- YOUR ASSIGNMENT
Line count for "Item": tally the lines of the records below that contain it, and give only that number.
EXTRACTED INFORMATION: Begin
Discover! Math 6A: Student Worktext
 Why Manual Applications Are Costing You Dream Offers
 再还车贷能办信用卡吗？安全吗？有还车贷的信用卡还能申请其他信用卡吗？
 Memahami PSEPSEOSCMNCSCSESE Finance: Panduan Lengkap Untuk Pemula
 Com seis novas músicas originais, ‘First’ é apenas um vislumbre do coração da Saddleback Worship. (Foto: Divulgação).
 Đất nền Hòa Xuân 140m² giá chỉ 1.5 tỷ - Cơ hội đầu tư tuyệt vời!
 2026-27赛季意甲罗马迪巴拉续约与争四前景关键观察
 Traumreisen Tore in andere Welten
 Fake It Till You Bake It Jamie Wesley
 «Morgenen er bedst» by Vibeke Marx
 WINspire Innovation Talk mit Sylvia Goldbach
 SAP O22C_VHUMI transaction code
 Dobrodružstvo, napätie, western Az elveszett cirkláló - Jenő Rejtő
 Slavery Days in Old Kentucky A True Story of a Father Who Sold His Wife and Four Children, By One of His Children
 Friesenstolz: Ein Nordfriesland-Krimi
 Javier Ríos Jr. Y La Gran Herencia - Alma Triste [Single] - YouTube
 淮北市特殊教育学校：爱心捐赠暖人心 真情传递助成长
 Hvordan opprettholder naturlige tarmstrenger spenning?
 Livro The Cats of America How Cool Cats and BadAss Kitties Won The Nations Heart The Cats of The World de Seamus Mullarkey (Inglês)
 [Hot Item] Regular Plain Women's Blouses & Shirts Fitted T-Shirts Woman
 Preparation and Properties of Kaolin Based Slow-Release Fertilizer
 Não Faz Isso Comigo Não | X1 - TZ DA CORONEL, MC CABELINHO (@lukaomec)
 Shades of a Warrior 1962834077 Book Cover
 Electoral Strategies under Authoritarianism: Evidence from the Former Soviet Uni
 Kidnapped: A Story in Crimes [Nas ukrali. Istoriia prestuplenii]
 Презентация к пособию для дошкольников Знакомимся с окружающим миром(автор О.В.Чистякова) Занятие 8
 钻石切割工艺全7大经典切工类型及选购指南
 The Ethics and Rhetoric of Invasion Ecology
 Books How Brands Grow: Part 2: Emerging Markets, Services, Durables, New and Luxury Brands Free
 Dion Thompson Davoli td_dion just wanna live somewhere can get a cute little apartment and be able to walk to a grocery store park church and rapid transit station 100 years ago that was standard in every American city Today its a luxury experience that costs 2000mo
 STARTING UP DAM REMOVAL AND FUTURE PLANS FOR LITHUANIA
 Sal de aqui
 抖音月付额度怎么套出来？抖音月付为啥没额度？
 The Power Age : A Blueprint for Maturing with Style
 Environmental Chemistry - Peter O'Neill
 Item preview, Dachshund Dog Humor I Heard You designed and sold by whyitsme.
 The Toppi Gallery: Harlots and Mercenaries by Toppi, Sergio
EXTRACTED INFORMATION: End
- ANSWER BOX
2